At the heart of it, there is a recursive function f, which acts very simply. The vvlist variable is a linked list of already visited vertices. The second argument is a sub-tree of the main word tree, which corresponds to the sequence of already visited vertices (converted to letters. To understand better what the sub-tree is, see the mentioned post). When the sub-tree starts with {} -> {}, this means (by the way word tree is constructed), that the sequence of vertices corresponds to a valid word, so we record it. In any case, if the subtree is not {}, we Scan our function recursively on adjacent vertices, removing from them those we already visited.

The final functions we need are the one to convert vertex sequences to words, and the one to construct the trie data structure. Here they are:

Clear[wordsFromVertexSequences];
wordsFromVertexSequences[vseqs_List, letterRules_] :=
   Map[StringJoin, vseqs /. letterRules];

ClearAll[getWordTree];
getWordTree[minLen_Integer: 1, maxLen : (_Integer | Infinity) : Infinity] :=
  makeTree[
     Select[ToLowerCase@DictionaryLookup["*"], 
     minLen <= StringLength[#] <= maxLen &]];

The function to bring this all together:

ClearAll[getWords];
getWords[board_String, wordTree_] :=
   getWords[ToLowerCase@ImportString@board, wordTree];
getWords[lboard_, wordTree_] :=
   Module[{lrules, adjrules},
   {lrules, adjrules} = getLetterAndAdjacencyRules[lboard ];
   wordsFromVertexSequences[
       getVertexSequences[adjrules, lrules, wordTree, 
          Times @@ Dimensions[lboard]],
       lrules
   ]
];

Illustration

First, construct a full tree of all words in a dictionary.
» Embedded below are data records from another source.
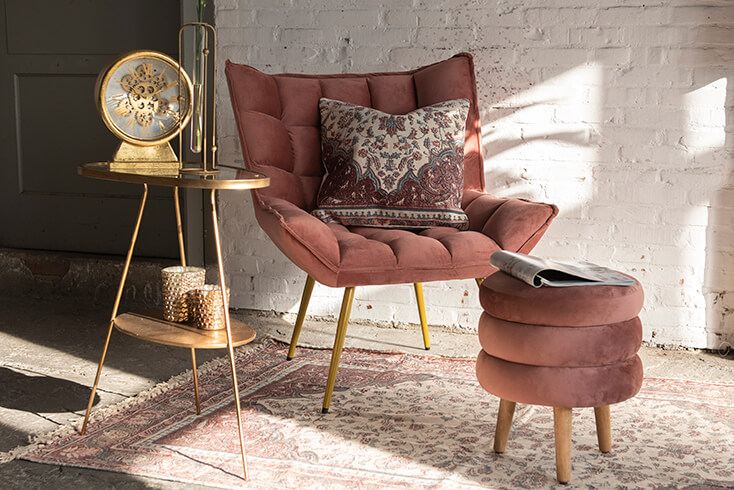 Una poltrona rosa con un cuscino decorativo e un poggiapiedi rosa con un tavolino dorato su cui si trova un orologio dorato, un vaso e portatealight, con un tappeto sul pavimento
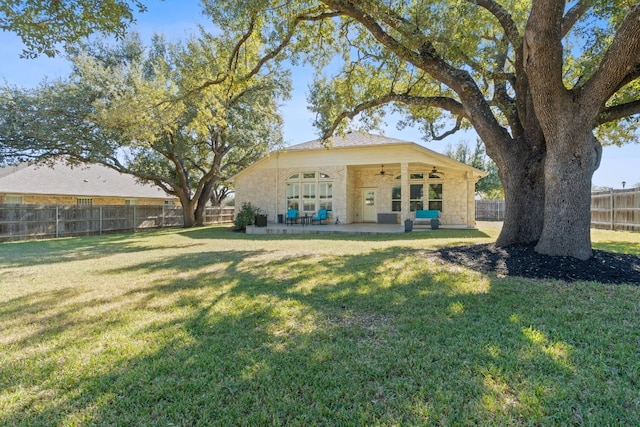 back of house featuring a patio, ceiling fan, and a lawn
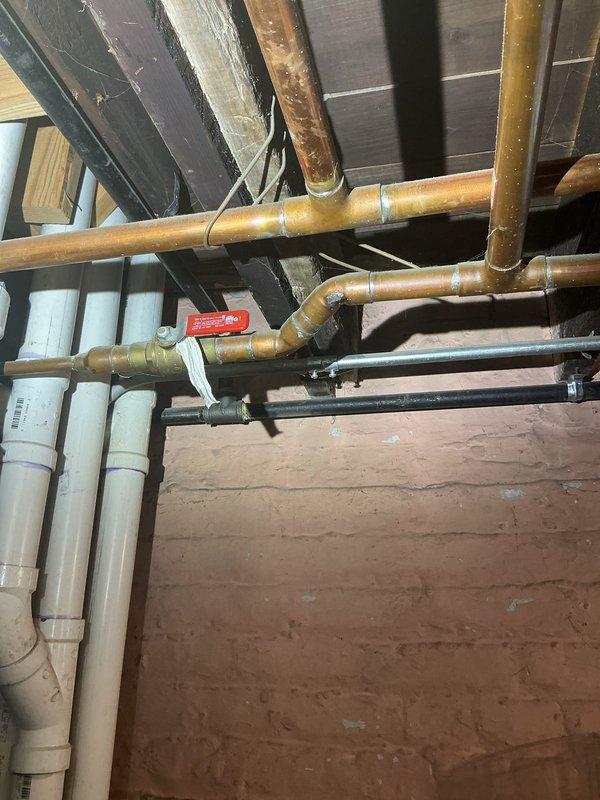 Inspected and documented existing plumbing infrastructure in crawl space and basement areas. The inspection revealed a mixed plumbing system consisting of copper supply lines, white PVC drainage piping, and older galvanized steel components. Copper piping showed typical patina and discoloration consistent with age but remained structurally sound with proper support brackets and connections. PVC drainage system appeared to be newer installation with appropriate slope and connection points. All visible pipe joints, valves, and fittings were examined for proper function and integrity. Photographs were captured to document current system configuration and condition for customer records.
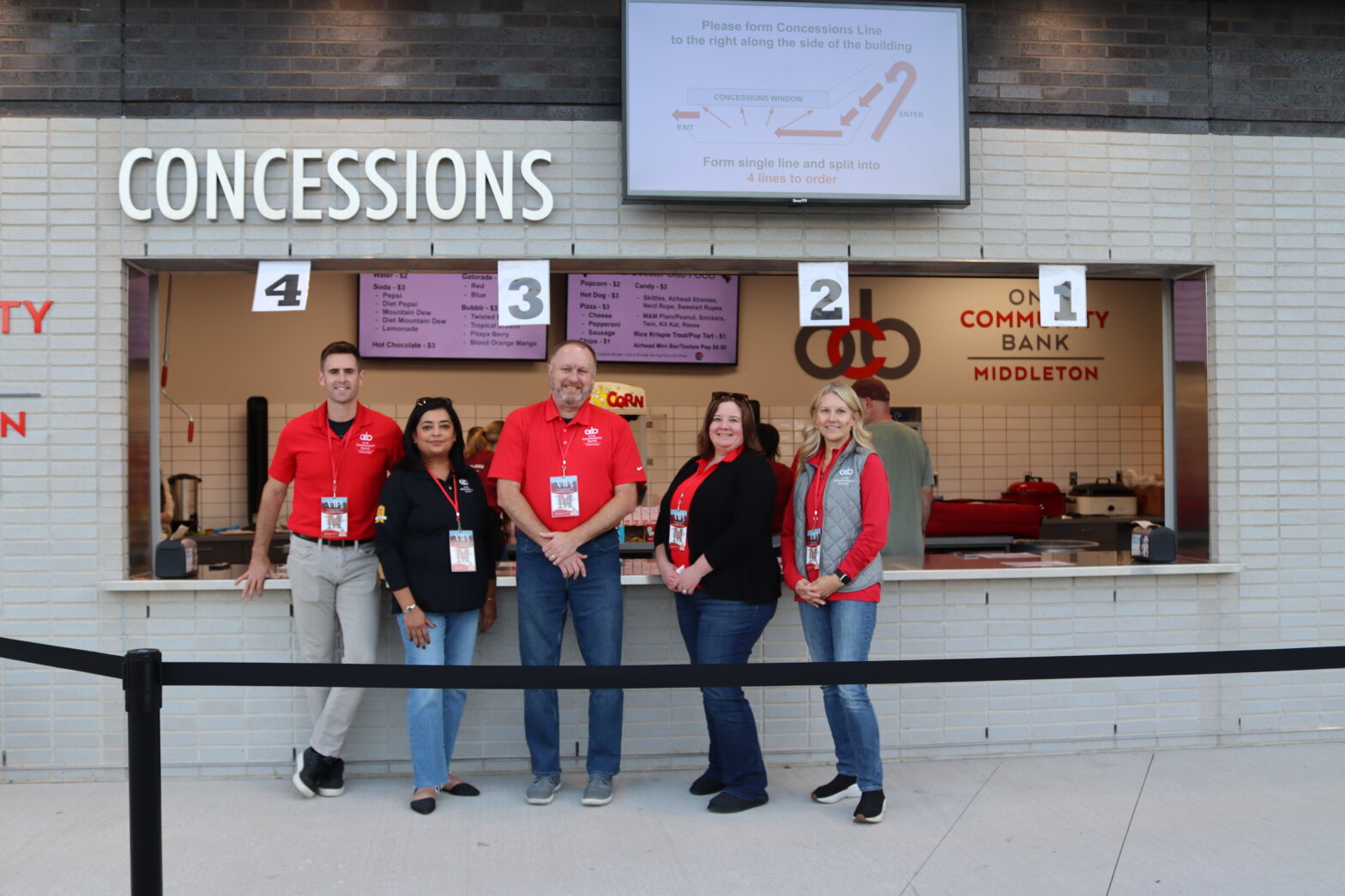 ocb colleagues in front of the Middleton High School Concession Stand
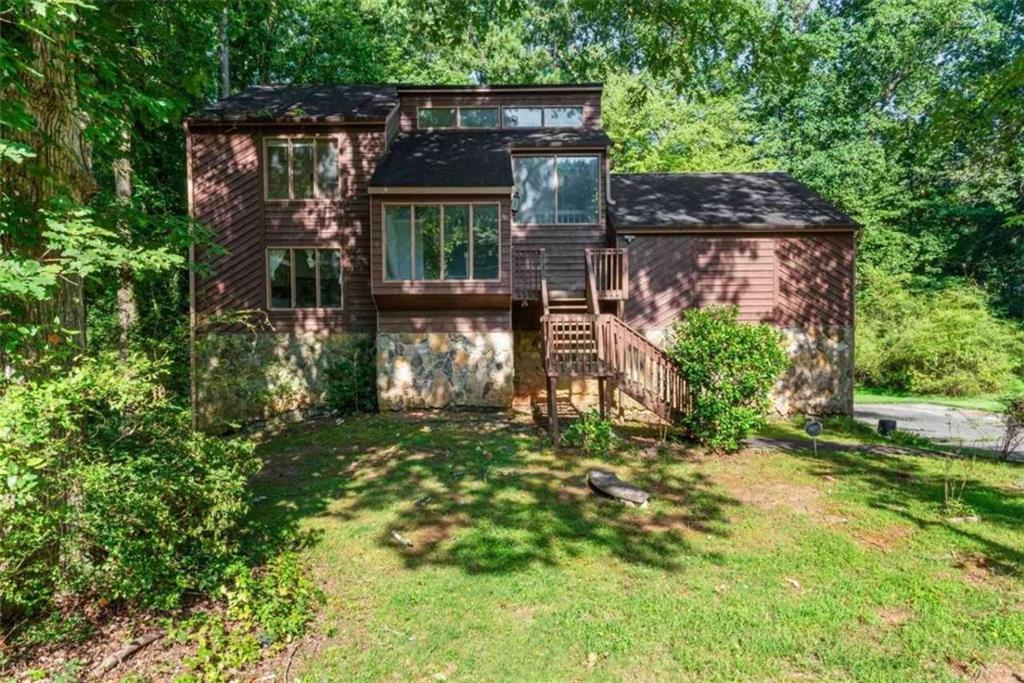 front view of a house with a yard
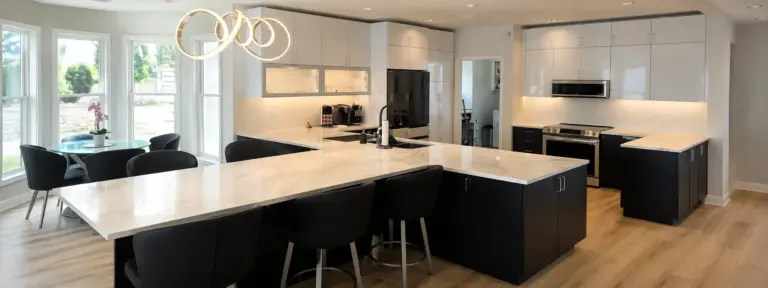 Modern Lake Macatawa kitchen with large island, black cabinets, and contemporary lighting.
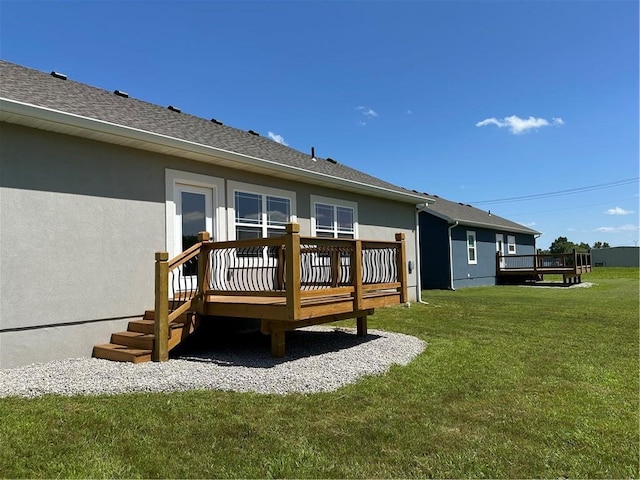 407 N Harmon St, Girard, KS 66743 - rear view of property featuring a wooden deck, stucco siding, and a lawn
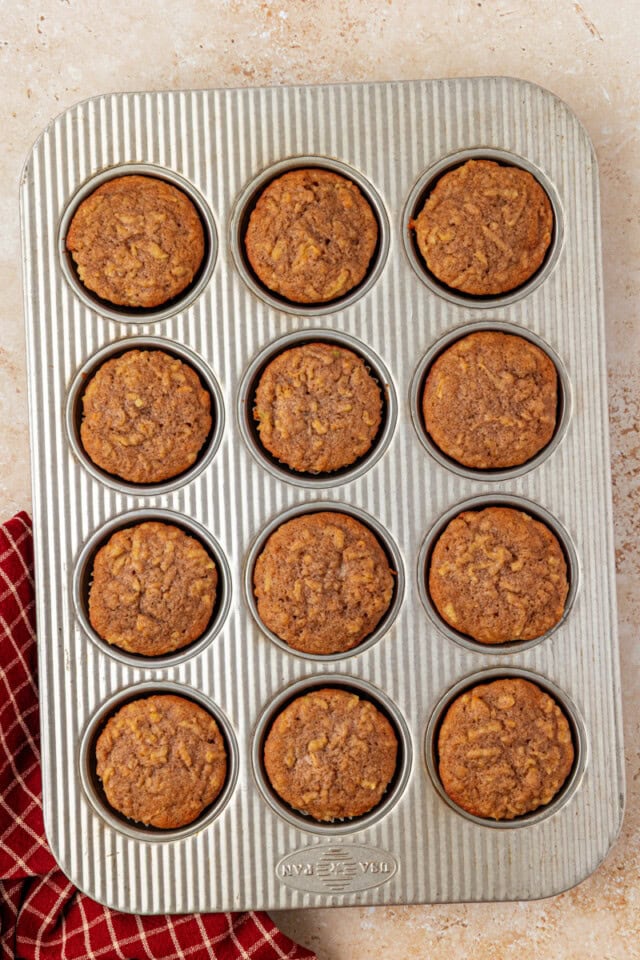 overhead view of freshly baked apple cupcakes in a muffin pan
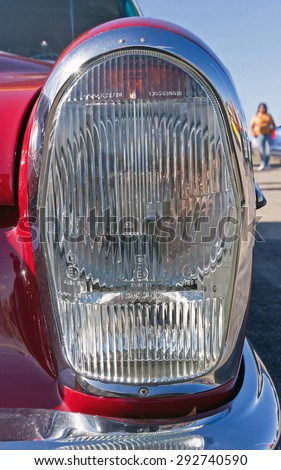 LEON, SPAIN - APRIL 26, 2014: Front view of a car headlight Old Mercedes Benz in the XV Classic Car Rally of Leon. Frosted glass lighthouse brand Bosch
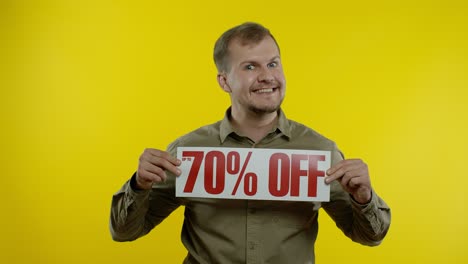 Smiling-man-showing-Up-To-70-percent-Off-inscriptions-signs,-rejoicing-good-discounts,-low-prices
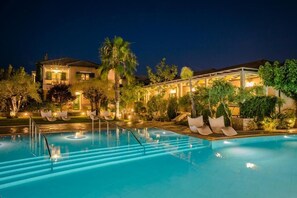 Una piscina con sillas de descanso y palmeras, rodeada de edificios con iluminación cálida.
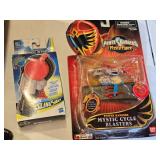 Box of Toy Cars and Power Rangers Items including Black & Decker Toy Plane, Beyblade Slingshot, Power Rangers Mystic Cycle Blasters, and Matchbox Cars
This preprocessing step can take a little while:

largeTree = getWordTree[];

Now, construct the word matrix:

wmat = ToLowerCase@ImportString@
  "F X I E
   A M L O
   E W B X
   A S T U"

{{"f", "x", "i", "e"}, {"a", "m", "l", "o"}, {"e", "w", "b","x"}, {"a", "s", "t", "u"}}

Next, construct the rules for vertex-to-letter conversion and adjacency rules:

({lrules,adjrules} = getLetterAndAdjacencyRules[wmat])//Short[#,3]&
{Dispatch[{1->f,2->x,3->i,4->e,5->a,6->m,7->l,8->o,9->e,10->w,11->b,
  12->x,13->a,14->s,15->t,16->u},-DispatchTables-],
    Dispatch[{1->{2,5,6},<<14>>,16->{11,12,15}},<<1>>]}

We are now ready to use our function:

(seqs = getVertexSequences[adjrules,lrules,largeTree,16])//Short//AbsoluteTiming
{0.0185547,{{1,5},{1,5,2},{1,5,6,9},{1,6},<<89>>,{15,14},
     {15,16,11},{15,16,11,14},{15,16,12}}}

Note that it took very little time to get the result. We can finally convert it to words:

wordsFromVertexSequences[seqs,lrules]//Short

{fa,fax,fame,fm,xi,xml,xl,<<84>>,twas,tb,ts,tub,tubs,tux}

The way to call a final function:

(* Do this only once per session *)
$largeTree = getWordTree[3];

board = ToLowerCase@ImportString@"F X I E
  A M L O
  E W B X
  A S T U"

getWords[board, $largeTree]

{fax,fame,xml,imf,eli,elm,elma,<<59>>,stub,twa,twa,twas,tub,tubs,tux}

(note that the result differs from that in illustration section, since I am now using the word tree with words with less than 3 letters excluded - using the $largeTree rather than largeTree now).

Discussion

Of course, I was a bit cheating in the sense that the preprocessing time takes a while, but this has to be done only once. My main point is that I think, the Trie data structure (my interpretation of it) is the right one here, and coupled with linked lists and hash tables (Dispatch-ed rules), it leads to a rather simple solution. The essence of the solution is expressed in function f, which is just a few lines long and more or less self-documenting. And, also, the solution itself turns out quite fast (especially given that this uses just the top-level mma, no packed arrays, Compile, etc).

EDIT 2

To address the question in your edit, and generally the question on applicability of Mathematica's new Graph functionality to this problem: I think, that while you can use new Graphs to solve the problem, it is not a natural choice here. I may be wrong, of course, but these are my reasons:

  • The graph traversal you need for this problem does not fit directly into either one of DepthFirstScan and BreadthFirstScan built-in graph-traversal functions. Rather, it is a kind of enumeration of all possible depth-first traversals starting at a given vertex.
  • Those traversals should stop as soon as it becomes clear that no words can be constructed by going to any of the adjacent vertices. This can be also achieved in DepthFirstScan through the use of Catch and Throw, but it is rather inelegant, and will also induce an overhead.
  • The general ideology of DepthFirstScan and BreadthFirstScan is somewhat similar to a visitor design pattern used for a tree traversal. The idea is that the traversal is done for you, while you have to supply the functions to be called on tree (or graph) nodes. This approach works well when your traversal matches exactly the one implemented by the pattern. For example, most of the time, a tree is traversed depth-first. However, I had many chances to observe (in other languages) that as soon as I have to modify the traversal even slightly, using the tools like that creates more problems than it solves.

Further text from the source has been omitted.